ロボコップがこのルールに縛られることで,観ている側には「もう少し臨機応変にすればいいのに!」という気持ちも生まれてきます。

それに対して,もう1つ取り上げたいのは,ロバート・ダウニーJrが演じるアイアンマンです。

アイアンマンは天才科学者トニー・スタークが作り出した戦闘スーツを自身が装着した状態のことです。同じような鉄製のヒーローでありながら,このアイアンマンことトニー・スタークは,約束を守らなかったりルールを無視したり,ずいぶんルーズな印象を与える性格をしています。

もっともロバート・ダウニーJrが演じると,大会社社長で天才科学者のトニー・スタークでも,シャーロック・ホームズでさえも,ちょっとルール無視かつゆるーい感じになる印象があります。

この2つのキャラクターを分けるような性格特性が勤勉性Conscientiousness)です(この英単語,字数が多いですよね…)。
これは誠実性と呼ばれることもありますし,英単語の頭文字Cで表されることもあります。

1990年代まで,パーソナリティの研究者で勤勉性を研究しようとする人はほとんどいなかったそうです。『成功する子 失敗する子』という本の中で,アメリカのパーソナリティ心理学者ロバーツの話が出てきます(彼は日本にも来たことがあります)。ずっと誠実性はパーソナリティ特性の中でも「厄介者」だと思われていました。勤勉性という特性は保守的で,宗教色が強く,自由な社会に反するようなイメージで捉えられていたということです。
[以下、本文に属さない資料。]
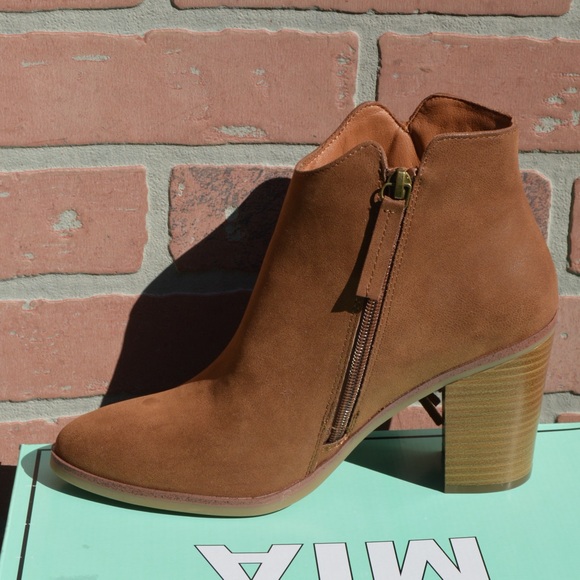 Mia Women’s Brown Avril Booties with Fringe Size 6.5 - Picture 3 of 10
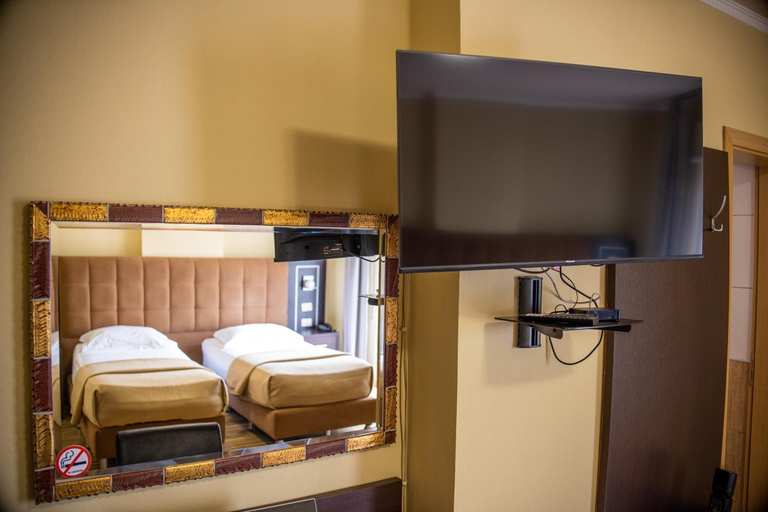 Bedroom 2, Hotel Nais Beach, Durrësit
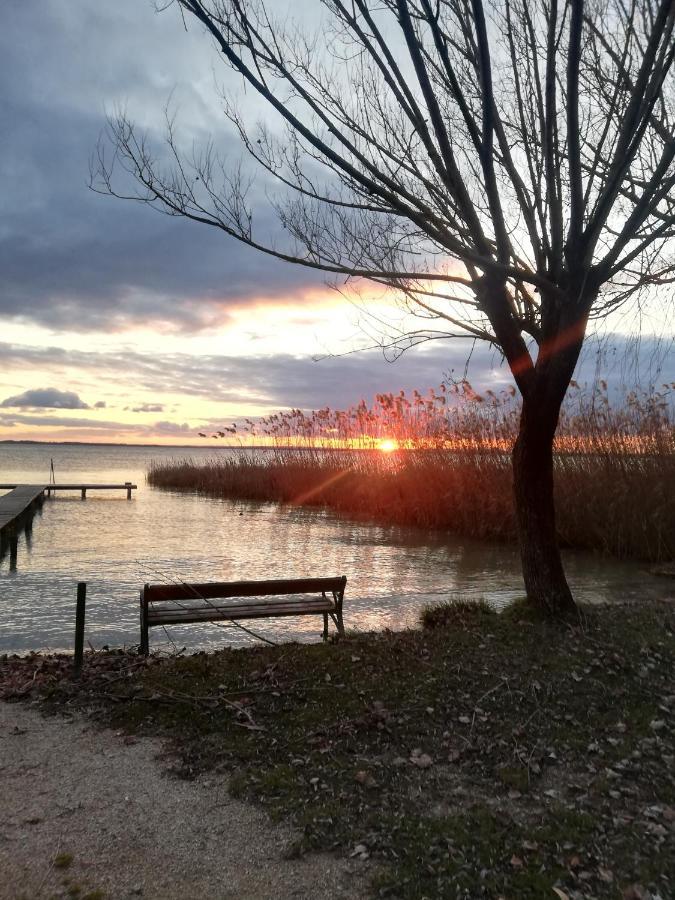 Eldoradó Fogadó és Kemping Vonyarcvashegy Exterior foto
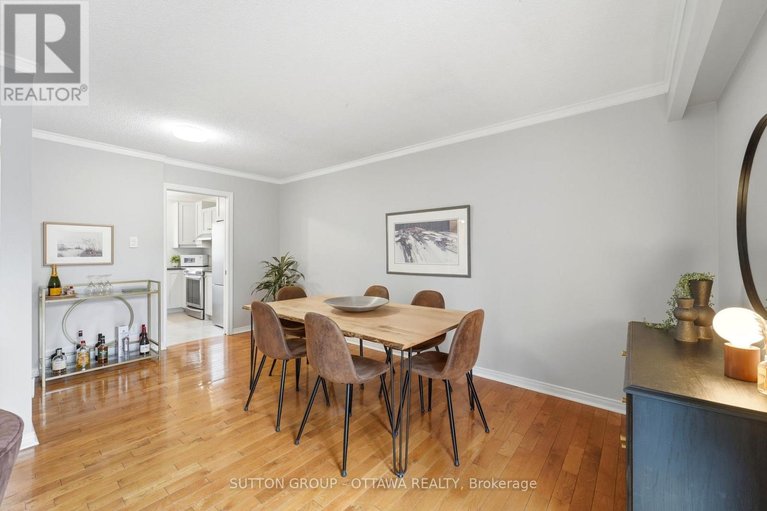 29617710/3907e-old-richmond-road/arbeatha-park/ottawa/ontario/K2H8T8_11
ところが現在,勤勉性の重要性に世界中の研究者が注目しています。
勤勉性はビッグ・ファイブ・パーソナリティの特性のひとつとして重要な性格特性であり,学業成績社会的な成功寿命など社会にとって欠かせない結果をもたらすことが明らかにされてきたからです。

目次

・誠実性の内容
・無理をしている?
・自己コントロール
・長生きする?
・成功する?
・つまらない
・欠点は
・評価の変遷

誠実性の内容

勤勉性(誠実性)の特徴のひとつは,計画にこだわることです。数ヶ月や数年かかる長期的な計画である場合もありますし,今日のうちにこなすべき短期的な計画の場合もあります。勤勉性の高い人は計画を立てるのが好きで,かつその計画を注意深く実行していくことに心地よさを感じます。

また,勤勉性の高い人は,ものごとをうまくやり遂げられるだろうという見通しをもち,ものごとを整理整頓してすっきりと考えることが好きです。また,義務感が強く真面目で,目標を達成しようとする強い意欲や動機づけももっています。また,単に無計画に突き進むのではなく,よく考えてものごとを進めようとするのも勤勉性の特徴です。

勤勉性の低い人は,これらの特徴の逆方向になります。つまり,あまり計画を立てずにいきあたりばったりで,目標をやり遂げるかどうかの見通しも曖昧であり,しなければいけないことの達成にもあまり動機づけられることがなく「まあなんとかなるさ」と考えるような傾向をもっているということです。

この勤勉性は,まさにいわゆるまじめさを表現した性格特性だということがわかると思います。